=== Work instructions ===
Count how many lines below contain the word "Used", then give that number alone.

Top of Data supplied

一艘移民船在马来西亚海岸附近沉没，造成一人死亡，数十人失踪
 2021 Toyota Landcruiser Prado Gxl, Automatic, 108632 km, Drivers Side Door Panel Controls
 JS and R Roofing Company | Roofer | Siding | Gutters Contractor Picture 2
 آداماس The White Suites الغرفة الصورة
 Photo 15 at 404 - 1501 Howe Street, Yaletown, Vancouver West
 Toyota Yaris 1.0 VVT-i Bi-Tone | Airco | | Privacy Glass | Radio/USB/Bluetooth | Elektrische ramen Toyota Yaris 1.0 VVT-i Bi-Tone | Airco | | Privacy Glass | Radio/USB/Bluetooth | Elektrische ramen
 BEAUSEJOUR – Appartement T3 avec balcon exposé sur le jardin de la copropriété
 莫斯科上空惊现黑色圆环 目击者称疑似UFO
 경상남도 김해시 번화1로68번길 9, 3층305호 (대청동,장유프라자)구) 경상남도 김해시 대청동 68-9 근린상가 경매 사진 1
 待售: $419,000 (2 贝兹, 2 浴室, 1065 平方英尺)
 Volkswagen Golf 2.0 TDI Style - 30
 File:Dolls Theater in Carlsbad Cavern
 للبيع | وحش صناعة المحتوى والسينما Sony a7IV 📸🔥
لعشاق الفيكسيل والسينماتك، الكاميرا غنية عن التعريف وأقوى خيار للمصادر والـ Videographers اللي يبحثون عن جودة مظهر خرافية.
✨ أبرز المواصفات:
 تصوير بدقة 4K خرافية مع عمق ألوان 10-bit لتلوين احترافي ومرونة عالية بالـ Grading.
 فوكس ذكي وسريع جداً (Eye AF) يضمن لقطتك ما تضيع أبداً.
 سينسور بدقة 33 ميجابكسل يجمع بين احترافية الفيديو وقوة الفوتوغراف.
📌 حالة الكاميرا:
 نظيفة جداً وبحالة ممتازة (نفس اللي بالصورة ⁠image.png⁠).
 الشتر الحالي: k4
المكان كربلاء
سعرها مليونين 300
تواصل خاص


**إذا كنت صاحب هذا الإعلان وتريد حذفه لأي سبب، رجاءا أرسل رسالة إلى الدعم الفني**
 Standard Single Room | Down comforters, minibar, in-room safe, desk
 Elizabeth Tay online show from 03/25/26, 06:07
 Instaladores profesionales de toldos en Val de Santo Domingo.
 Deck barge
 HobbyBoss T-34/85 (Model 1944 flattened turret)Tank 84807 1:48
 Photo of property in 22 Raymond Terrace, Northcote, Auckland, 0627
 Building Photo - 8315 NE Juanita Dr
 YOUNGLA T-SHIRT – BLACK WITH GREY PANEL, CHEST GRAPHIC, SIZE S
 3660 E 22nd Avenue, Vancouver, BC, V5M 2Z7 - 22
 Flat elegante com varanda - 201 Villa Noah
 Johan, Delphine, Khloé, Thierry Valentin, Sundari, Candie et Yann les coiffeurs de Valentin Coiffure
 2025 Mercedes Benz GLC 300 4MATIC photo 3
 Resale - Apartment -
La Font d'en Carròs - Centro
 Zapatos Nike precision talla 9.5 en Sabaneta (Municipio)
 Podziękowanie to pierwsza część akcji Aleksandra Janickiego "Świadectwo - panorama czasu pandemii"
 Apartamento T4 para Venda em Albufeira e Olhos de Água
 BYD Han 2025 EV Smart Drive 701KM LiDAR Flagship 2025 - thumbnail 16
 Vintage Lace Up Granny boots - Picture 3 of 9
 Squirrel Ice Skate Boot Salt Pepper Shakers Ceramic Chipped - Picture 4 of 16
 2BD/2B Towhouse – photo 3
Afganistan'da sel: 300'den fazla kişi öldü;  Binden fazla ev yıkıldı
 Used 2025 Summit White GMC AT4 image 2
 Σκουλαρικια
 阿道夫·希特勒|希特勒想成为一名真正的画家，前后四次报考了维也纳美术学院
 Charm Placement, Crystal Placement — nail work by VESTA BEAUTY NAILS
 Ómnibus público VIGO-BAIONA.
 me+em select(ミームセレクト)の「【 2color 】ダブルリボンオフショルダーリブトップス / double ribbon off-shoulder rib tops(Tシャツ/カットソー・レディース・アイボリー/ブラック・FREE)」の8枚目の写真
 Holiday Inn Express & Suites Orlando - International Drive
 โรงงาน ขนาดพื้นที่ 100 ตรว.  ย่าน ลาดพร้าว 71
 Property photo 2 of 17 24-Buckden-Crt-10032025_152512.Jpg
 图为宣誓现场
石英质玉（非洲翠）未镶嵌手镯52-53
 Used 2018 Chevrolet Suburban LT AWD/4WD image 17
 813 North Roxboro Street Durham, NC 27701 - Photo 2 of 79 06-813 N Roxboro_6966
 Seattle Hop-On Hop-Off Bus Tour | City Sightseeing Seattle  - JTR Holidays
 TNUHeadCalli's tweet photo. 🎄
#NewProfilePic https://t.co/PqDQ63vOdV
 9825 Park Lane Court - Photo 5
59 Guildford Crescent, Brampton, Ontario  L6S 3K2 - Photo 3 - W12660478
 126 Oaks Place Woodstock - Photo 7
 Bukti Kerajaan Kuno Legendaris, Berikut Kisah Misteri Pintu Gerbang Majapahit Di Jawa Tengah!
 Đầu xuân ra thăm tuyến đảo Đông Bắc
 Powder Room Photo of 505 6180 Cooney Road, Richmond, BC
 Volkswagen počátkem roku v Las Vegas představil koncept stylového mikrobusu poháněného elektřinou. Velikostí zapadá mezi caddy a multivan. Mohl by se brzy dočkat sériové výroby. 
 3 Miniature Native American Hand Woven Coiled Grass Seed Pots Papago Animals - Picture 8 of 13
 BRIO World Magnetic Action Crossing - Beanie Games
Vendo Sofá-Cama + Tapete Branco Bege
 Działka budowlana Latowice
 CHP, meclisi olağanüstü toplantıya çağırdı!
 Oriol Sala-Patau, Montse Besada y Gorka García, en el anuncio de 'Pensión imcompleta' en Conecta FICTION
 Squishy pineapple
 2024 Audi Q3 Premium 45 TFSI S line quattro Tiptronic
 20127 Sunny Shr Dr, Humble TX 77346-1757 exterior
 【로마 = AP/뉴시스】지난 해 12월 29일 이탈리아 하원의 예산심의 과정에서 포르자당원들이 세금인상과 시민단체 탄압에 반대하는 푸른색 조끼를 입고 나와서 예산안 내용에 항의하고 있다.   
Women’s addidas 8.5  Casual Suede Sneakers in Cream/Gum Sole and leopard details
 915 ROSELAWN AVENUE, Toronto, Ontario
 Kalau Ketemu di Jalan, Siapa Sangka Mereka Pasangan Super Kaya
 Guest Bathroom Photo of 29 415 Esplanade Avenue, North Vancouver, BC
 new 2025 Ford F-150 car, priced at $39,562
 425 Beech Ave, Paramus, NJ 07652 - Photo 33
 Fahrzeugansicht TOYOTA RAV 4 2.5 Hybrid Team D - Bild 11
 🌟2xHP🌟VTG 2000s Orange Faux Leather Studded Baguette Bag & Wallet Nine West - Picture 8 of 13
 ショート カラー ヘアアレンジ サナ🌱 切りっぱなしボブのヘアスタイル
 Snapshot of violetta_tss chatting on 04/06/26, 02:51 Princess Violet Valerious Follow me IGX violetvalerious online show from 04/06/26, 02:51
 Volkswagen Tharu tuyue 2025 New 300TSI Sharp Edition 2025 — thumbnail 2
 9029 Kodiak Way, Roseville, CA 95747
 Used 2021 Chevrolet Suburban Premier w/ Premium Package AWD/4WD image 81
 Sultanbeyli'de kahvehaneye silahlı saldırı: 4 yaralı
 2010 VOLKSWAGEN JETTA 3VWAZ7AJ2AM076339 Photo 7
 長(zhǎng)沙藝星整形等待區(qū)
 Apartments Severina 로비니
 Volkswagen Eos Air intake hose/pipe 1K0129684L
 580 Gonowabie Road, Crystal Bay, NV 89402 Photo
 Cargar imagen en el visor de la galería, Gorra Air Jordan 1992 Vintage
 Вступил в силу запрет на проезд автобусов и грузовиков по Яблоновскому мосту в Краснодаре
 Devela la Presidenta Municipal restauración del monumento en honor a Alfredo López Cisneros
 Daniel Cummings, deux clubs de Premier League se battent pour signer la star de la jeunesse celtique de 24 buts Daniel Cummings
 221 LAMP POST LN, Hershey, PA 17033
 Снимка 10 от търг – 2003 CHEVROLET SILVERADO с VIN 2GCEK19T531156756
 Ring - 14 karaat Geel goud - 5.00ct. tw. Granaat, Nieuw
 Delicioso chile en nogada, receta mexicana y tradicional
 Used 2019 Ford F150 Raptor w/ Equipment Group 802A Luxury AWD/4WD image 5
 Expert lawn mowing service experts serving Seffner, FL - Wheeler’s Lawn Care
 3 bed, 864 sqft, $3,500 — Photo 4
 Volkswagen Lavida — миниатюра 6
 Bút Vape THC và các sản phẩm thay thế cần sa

Bottom of Data supplied

=== Exercise solution ===
4